By on October 24, 2018

SAN JUAN – Puerto Rico Senate President Thomas Rivera Schatz warned on Wednesday that the situation on the island will worsen due to the measures proposed in the fiscal plan that was certified by the fiscal oversight board.

In a radio interview (WKAQ), the lawmaker said matters will end up “in the courts, definitely. At the polls…. This is going to get tougher, tougher than it already is.”

Replying to questions about what the government will do to fight the fiscal board’s plan, Rivera Schatz said, “what we have been doing. For example, the Senate of Puerto Rico has not approved the legislation that they have intended. The Senate has taken them to court. The Senate, with other sectors, including the support of the governor, we have been in international forums…. We have been in all the various and legitimate forums using the correct and adequate mechanisms to denounce and challenge the actions of the Board.”

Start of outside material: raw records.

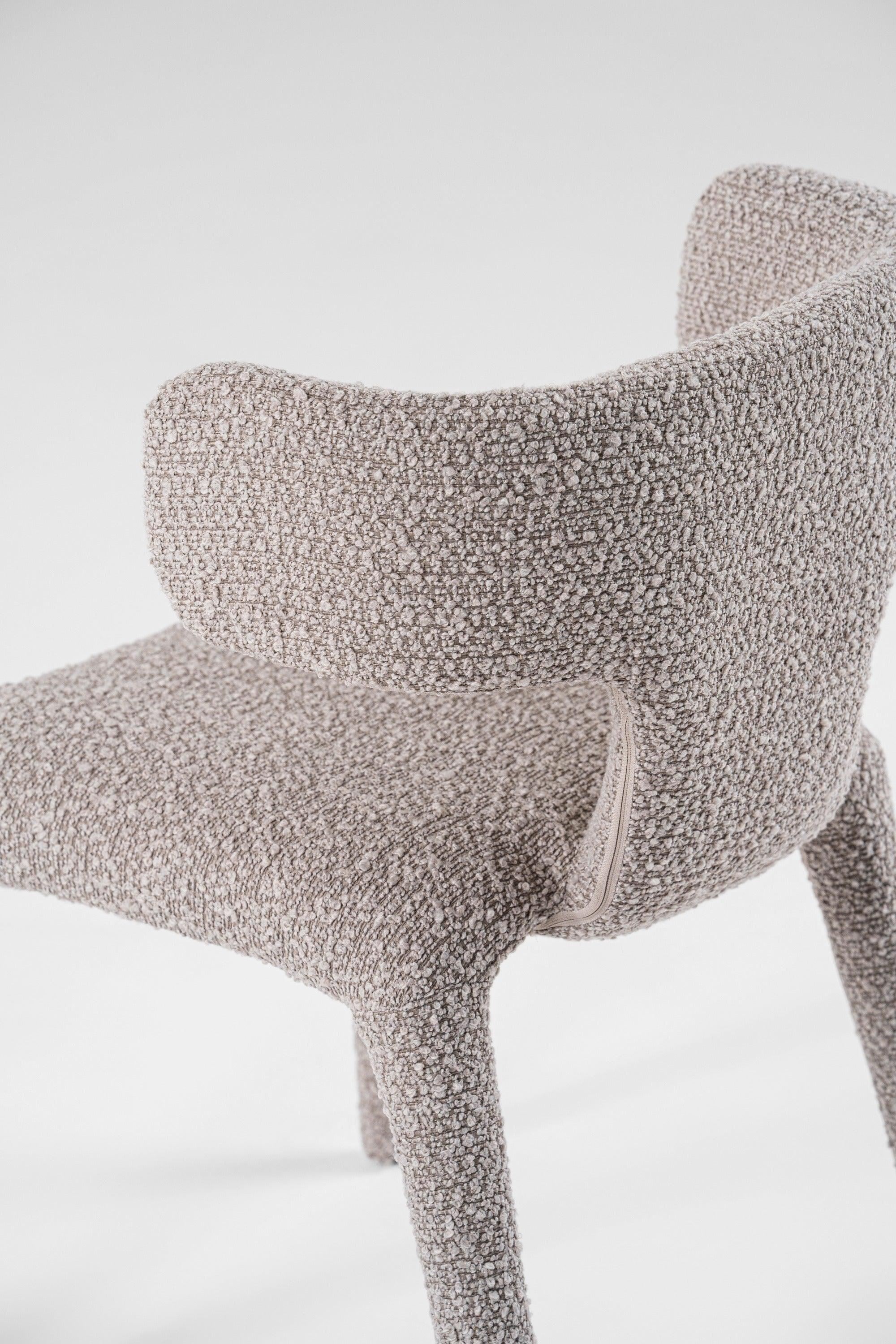 Modrest Saehee Modern Fabric Dining Chair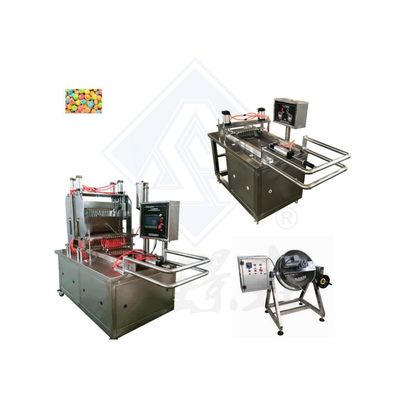 Multifunctional Stainless Steel Green Gummy Machine Rings Gummy Candy Making Machine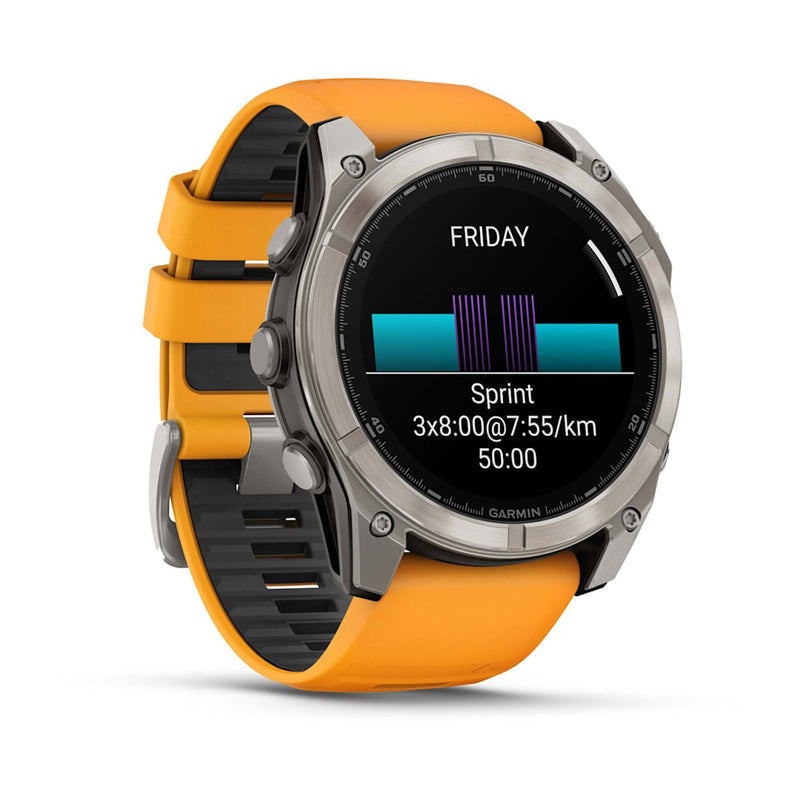 RELOGIO GARMIN FĒNIX® 8 – 51 MM AMOLED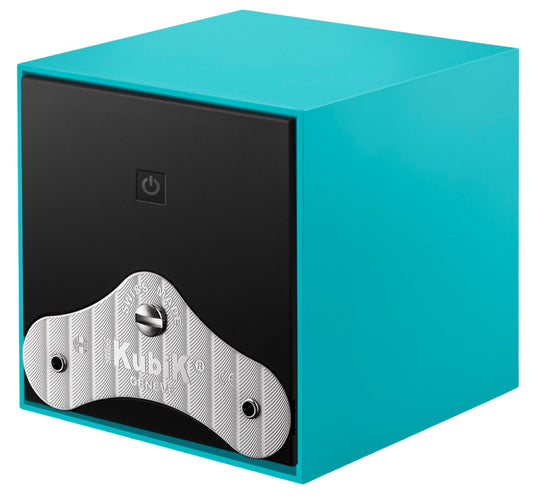 SwissKubik Watch Winder Starbox Aqua Blue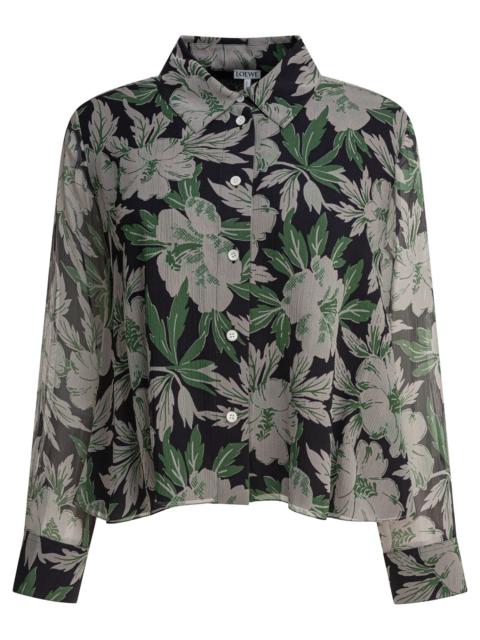 Loewe Loewe Silk Shirt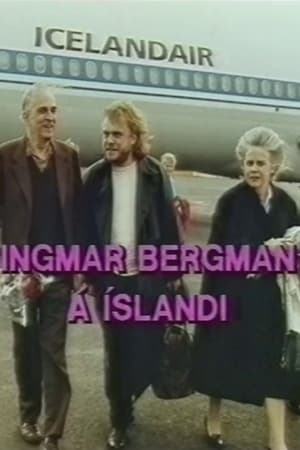 Poster Ingmar Bergman á Íslandi 1989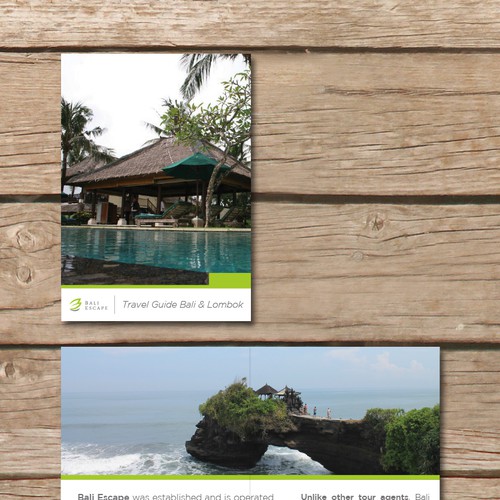 Bali Escape Booklet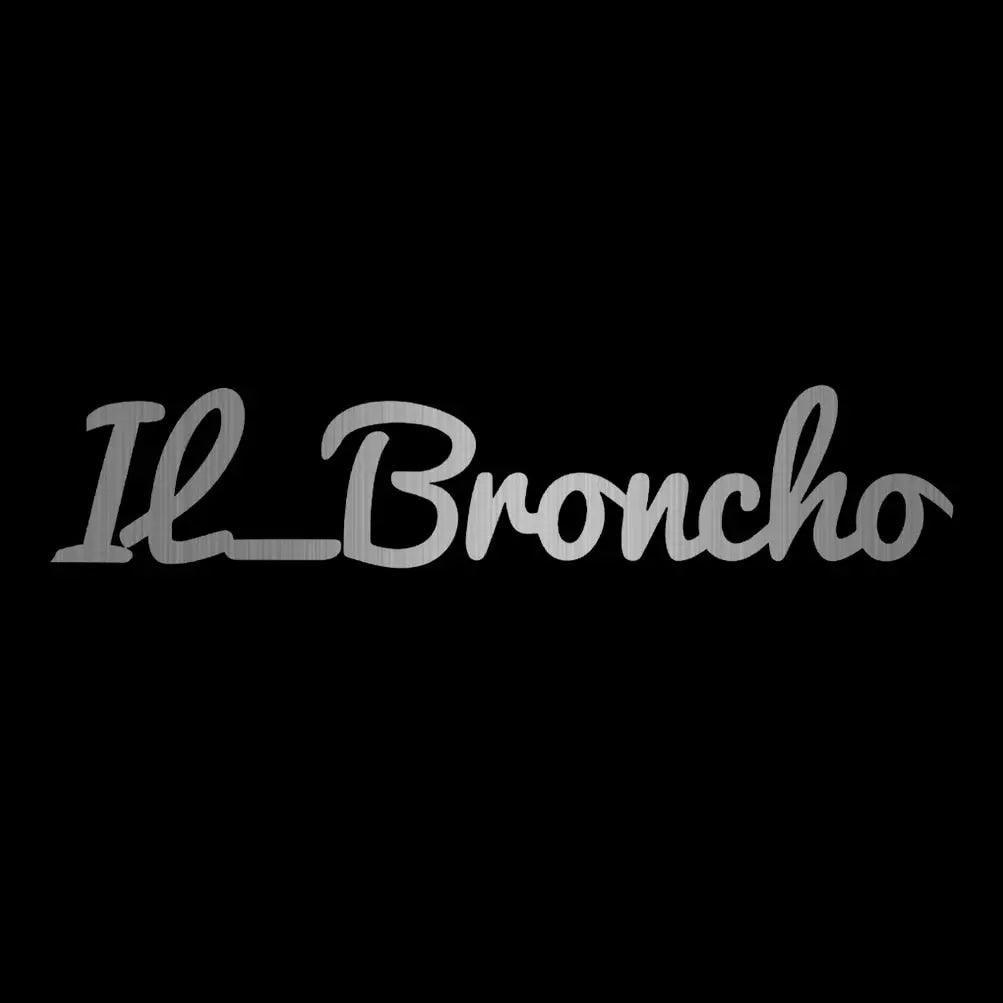 Adesivo Il Broncho — Da300Cavalli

On Tuesday, the board certified a fiscal plan for the government, which among other proposals, includes the elimination of the Christmas bonus, as well as pension cuts. It also certified a fiscal plan for the University of Puerto Rico (UPR) that recommends raising tuition and other fees, as well as the consolidation of campuses and cutting pensions. The document also establishes that there will be a surplus of $16 billion by 2023 as a result of the federal funds approved for reconstruction after Hurricane Maria.

Rivera Schatz stressed that the governor, Ricardo Rosselló, said he will pay the year-end bonus to public employees.

“What he has to do when the day arrives is make the payment and the Board has to do what it has to do,” he said.

Regarding pension cuts, the Senate president reiterated that the government remains opposed and that it has been looking for options to avoid it.

“That will be another confrontation with the fiscal control board, which we have to support because of our colonial condition,” he said.

Reacting to board Executive Director Natalie Jaresko, who said there is no political will to implement the needed changes, Rivera Schatz said, “We approved a smaller budget than what they suggested, balanced using the numbers they certified and then they reject it and approve a larger budget. What political will is Ms. Jaresko talking about?”

He called board member Ana Matosantos’s disagreement with the fiscal plan, despite having been approved by the panel, a contradiction.

“It’s nothing new. The Puerto Rican people should not be surprised by the pretensions of the board of condemning the Puerto Rican people to poverty, of limiting or restricting their opportunities to develop in economic and social terms. That’s not new news. That has been the case since the beginning,” the lawmaker said, adding that the government’s duty is to “resist and fight” the board and “make sure that the elected government of Puerto Rico does” what it is supposed to.